* _WHAT IS EXPECTED_
For the entries below, the result should be an exact transcription of the lines from the one with "Маникюр 2021 лето миндаль" up to and including the one with "1번 닥스키즈 여아 120~130싸이즈", and only those.

* _EXTRACTED RECORDS_
============

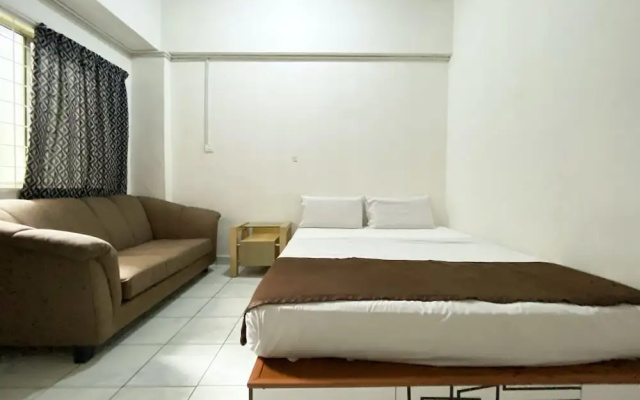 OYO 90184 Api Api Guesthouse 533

============

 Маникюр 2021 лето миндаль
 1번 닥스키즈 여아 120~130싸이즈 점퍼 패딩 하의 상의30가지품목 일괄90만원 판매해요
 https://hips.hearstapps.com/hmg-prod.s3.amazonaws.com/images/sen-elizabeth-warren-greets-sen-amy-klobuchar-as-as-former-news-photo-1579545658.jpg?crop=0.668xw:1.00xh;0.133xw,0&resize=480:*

============

* _FINISHED EXERCISE_
 Маникюр 2021 лето миндаль
 1번 닥스키즈 여아 120~130싸이즈 점퍼 패딩 하의 상의30가지품목 일괄90만원 판매해요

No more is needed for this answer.